The blog photos of Bonanza “The Flying Chef” raised the question, “At which Hamilton airport did Bob Finlayson take these photos?” Hamilton’s first permanent airport dates to 1926, when Jack V. Elliot established a flying school along Beach Road. In 1928 the federal Air Board, established in Ottawa in 1919, recognized Elliot’s airfield. In 1927, however, with funding from the city of Hamilton and International Airways, work began on a new airport about a mile from Elliot’s field. The facility was ready for use in 1930. It included two hard-surface runways, two hangars, field lighting and a navigation beacon to help guide planes flying the Detroit-Toronto mail.
The airport was owned by the city and managed by the aero club. Cub Aircraft of Canada set up a factory in the late 1930s (see below) to manufacture small Piper planes and the aero club won a contract early in the war to train RCAF pilots. However, the airport by then was waning. It had only marginal facilities and was too close to the city for expansion. Instead, the DND built a major new training base up on the Niagara Escarpment at the rural center of Mount Hope – the site of today’s modern John C. Munro Hamilton International Airport (YHM).
Although outdated, Hamilton’s old airport continued through and after the war, especially with Cub and a new company, Peninsula Air Service. However the aero club had moved to Mount Hope, and urban sprawl was encroaching on all sides of the airport. In 1951 what by then was known as “Hamilton Municipal Airport” closed. Henceforth, Hamilton focused its aviation interests at Mount Hope.
In our rare heading photo of “old” Hamilton airport around 1940, you can see the same old hangar that’s in Bob photos. In his shots you can see that by 1950/51 the hangar had become the main base for Glen White’s Peninsula Air Service. Glen, however, inevitably relocated to Mount Hope, and old Hamilton Municipal Airport was ploughed under for development.

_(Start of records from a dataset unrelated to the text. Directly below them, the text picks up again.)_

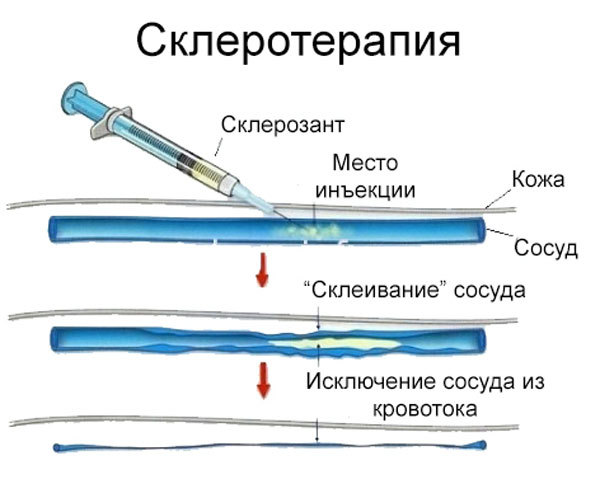 Варикозное расширение вен малого таза у женщин
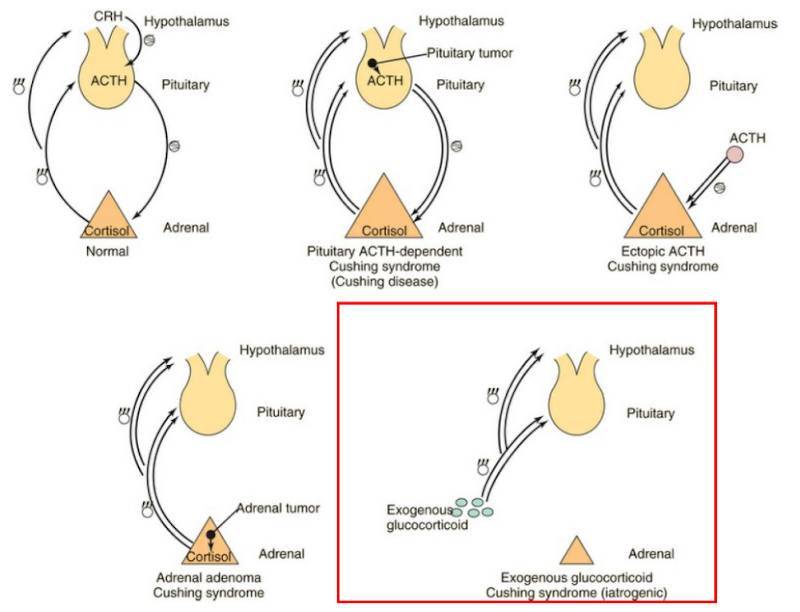 <ol><li><p><span><span>Pituitary tumor:</span></span></p></li></ol><ul><li><p><span><span>Overproduces ACTH → constant adrenal stimulation</span></span></p></li><li><p><span><u><span>Negative feedback fails → so high cortisol continues</span></u></span></p></li></ul><p></p><ol start="2"><li><p><span><span>Ectopic ACTH production (ex, small cell lung cancer):</span></span></p></li></ol><ul><li><p><span><span>ACTH produced outside pituitary</span></span></p></li><li><p><span><span>Stimulates adrenal gland → high cortisol</span></span></p></li></ul><p></p><ol start="3"><li><p><span><span>Adrenal tumor:</span></span></p></li></ol><ul><li><p><span><span>Tumor in adrenal gland → overproduction of cortisol</span></span></p></li><li><p><span><span>Independent of ACTH or CRH</span></span></p></li></ul><p></p><ol start="4"><li><p><span><span>Excess exogenous glucocorticoids (red box):</span></span></p></li></ol><ul><li><p><span><span>Long-term steroid use → oversaturation → same symptoms</span></span></p></li></ul><p></p>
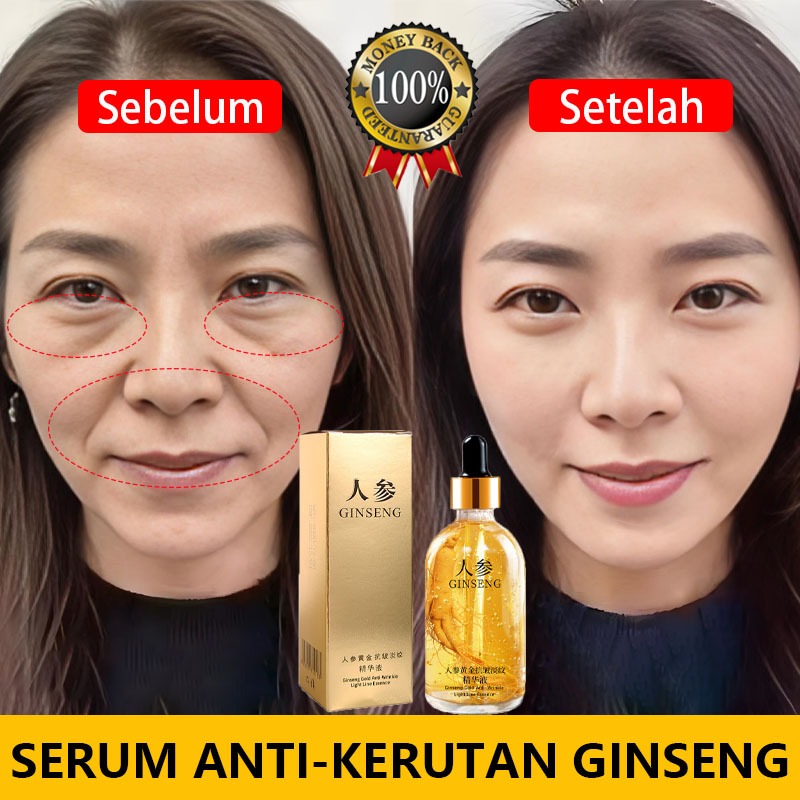 Brightening serum  Retinol serum Serum anti aging Anti aging skincare Serum flek hitam membandel Ant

The hangar to the right is Cub Aircraft of Canada, considerably expanded by 1950 since erected in 1939. In the more detailed photo of the Cub hangar (found in the rich collection of aviation photographer, the late Al Martin) you can see how Cub had raised its roof considerably, probably to accommodate wartime manufacturing and overhaul contracts. Several Hamilton-built Cubs remain airworthy in 2016.